Daar toch onze ezelen zowel stro als voeder hebben, en ook brood en wijn is voor mij, en voor uw dienstmaagd, en voor den jongen, die bij uw knechten is; er is aan geen ding gebrek.
20 “Peace to you,” said the old man. “Let me supply everything you need. Only do not spend the night in the square.”
Toen zeide de oude man: Vrede zij u! al wat u ontbreekt, is toch bij mij; alleenlijk vernacht niet op de straat.
21 So he brought him to his house and fed his donkeys. And they washed their feet and ate and drank.
En hij bracht hem in zijn huis, en gaf aan de ezelen voeder; en hun voeten gewassen hebbende, zo aten en dronken zij.
22 While they were enjoying themselves, suddenly the wicked men of the city surrounded the house. Pounding on the door, they said to the old man who owned the house, “Bring out the man who came to your house, so we can have relations with him!”
Toen zij nu hun hart vrolijk maakten, ziet, zo omringden de mannen van die stad (mannen, die Belials kinderen waren) het huis, kloppende op de deur; en zij spraken tot den ouden man, den heer des huizes, zeggende: Breng den man, die in uw huis gekomen is, uit, opdat wij hem bekennen.
23 The owner of the house went out and said to them, “No, my brothers, do not do this wicked thing! After all, this man is a guest in my house. Do not commit this outrage.
En de man, de heer des huizes, ging tot hen uit, en zeide tot hen: Niet, mijn broeders, doet toch zo kwalijk niet; naardien deze man in mijn huis gekomen is, zo doet zulke dwaasheid niet.
24 Look, let me bring out my virgin daughter and the man’s concubine, and you can use them and do with them as you wish. But do not do such a vile thing to this man.”
Ziet, mijn dochter die maagd is, en zijn bijwijf, die zal ik nu uitbrengen, dat gij die schendt, en haar doet, wat goed is in uw ogen; maar doet aan dezen man zulk een dwaas ding niet.
25 But the men would not listen to him. So the Levite took his concubine and sent her outside to them, and they raped her and abused her throughout the night, and at dawn they let her go.
Maar de mannen wilden naar hem niet horen.

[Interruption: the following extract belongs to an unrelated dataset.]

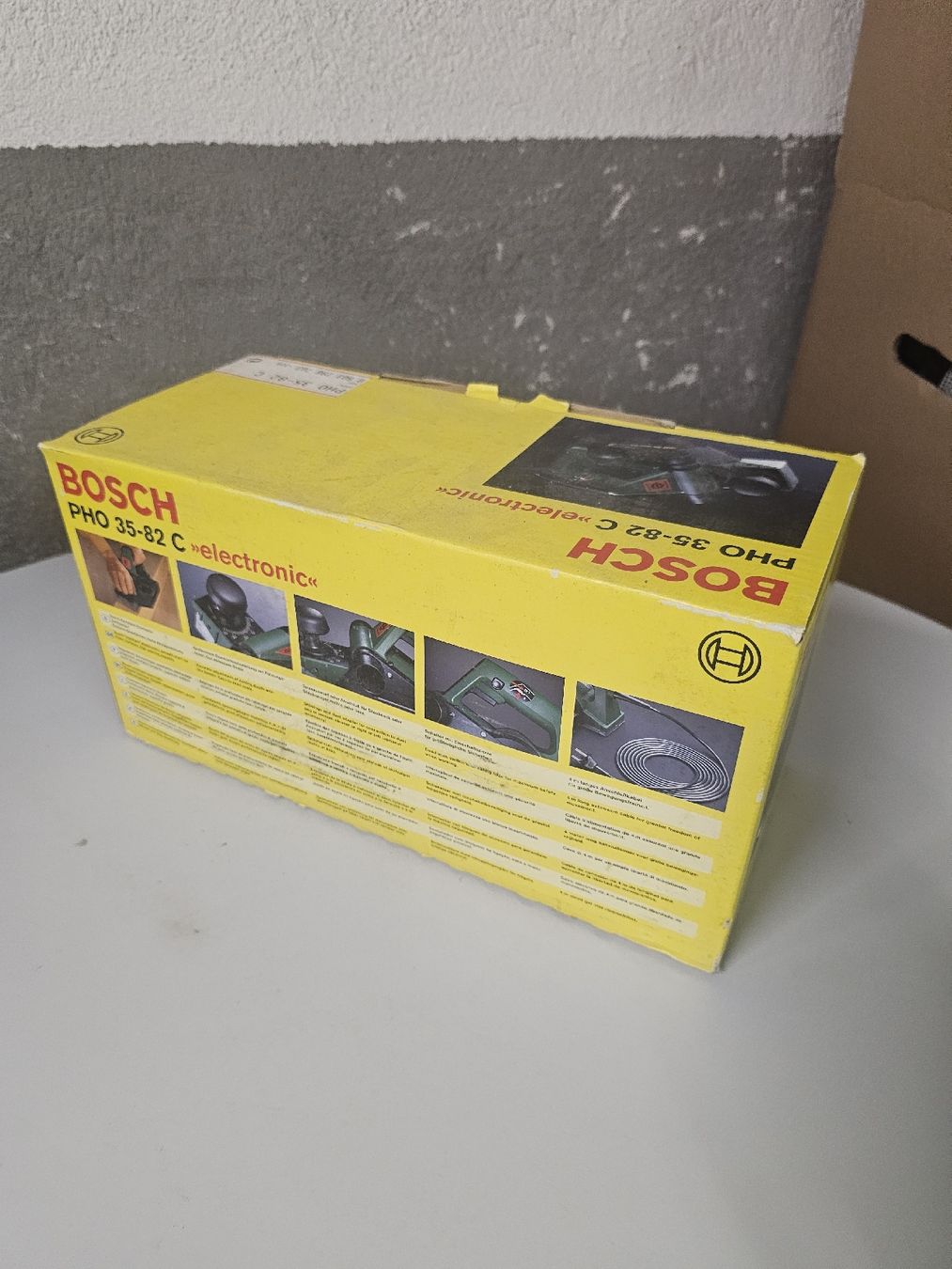 Busch Alle Maschinen: BOSCH PHO 35-82 C Hobel  – Neu und originalverpackt aus Meisterschwanden von Luluku 2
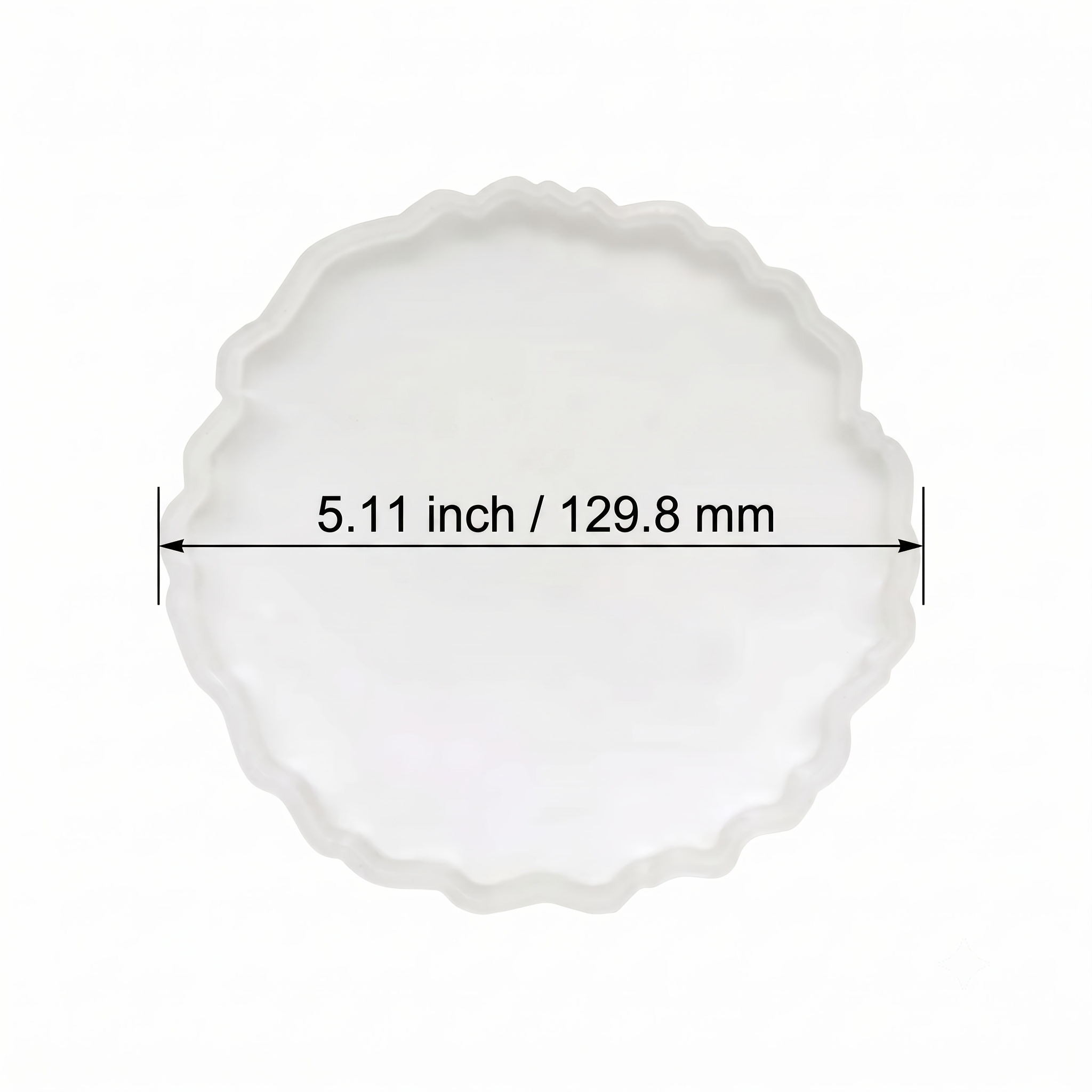 6 sztuk nieregularnych silikon – Geode Mold Silicone recenzja i cena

Toen greep de man zijn bijwijf, en bracht haar uit tot hen daarbuiten; en zij bekenden haar, en waren met haar bezig den gansen nacht tot aan den morgen, en lieten haar gaan, als de dageraad oprees.
26 Early that morning, the woman went back to the house where her master was staying, collapsed at the doorway, and lay there until it was light.
En deze vrouw kwam tegen het aanbreken van den morgenstond, en viel neder voor de deur van het huis des mans, waarin haar heer was, totdat het licht werd.
27 In the morning, when her master got up and opened the doors of the house to go out on his journey, there was his concubine, collapsed in the doorway of the house, with her hands on the threshold.
Als nu haar heer des morgens opstond en de deuren van het huis opendeed, en uitging om zijns weegs te gaan, ziet, zo lag de vrouw, zijn bijwijf, aan de deur van het huis, en haar handen op den dorpel.
28 “Get up,” he told her. “Let us go.” But there was no response. So the man put her on his donkey and set out for home.
En hij zeide tot haar: Sta op, en laat ons trekken; maar niemand antwoordde. Toen nam hij haar op den ezel, en de man maakte zich op, en toog naar zijn plaats.
29 When he reached his house, he picked up a knife, took hold of his concubine, cut her limb by limb into twelve pieces, and sent her throughout the territory of Israel.
Als hij nu in zijn huis kwam, zo nam hij een mes, en greep zijn bijwijf, en deelde haar met haar beenderen in twaalf stukken; en hij zond ze in alle landpalen van Israel.
30 And everyone who saw it said, “Nothing like this has been seen or done from the day the Israelites came out of the land of Egypt until this day. Think it over, take counsel, and speak up!”
En het geschiedde, dat al wie het zag, zeide: Zulks is niet geschied noch gezien, van dien dag af, dat de kinderen Israels uit Egypteland zijn opgetogen, tot op dezen dag; legt uw hart daarop, geeft raad en spreekt!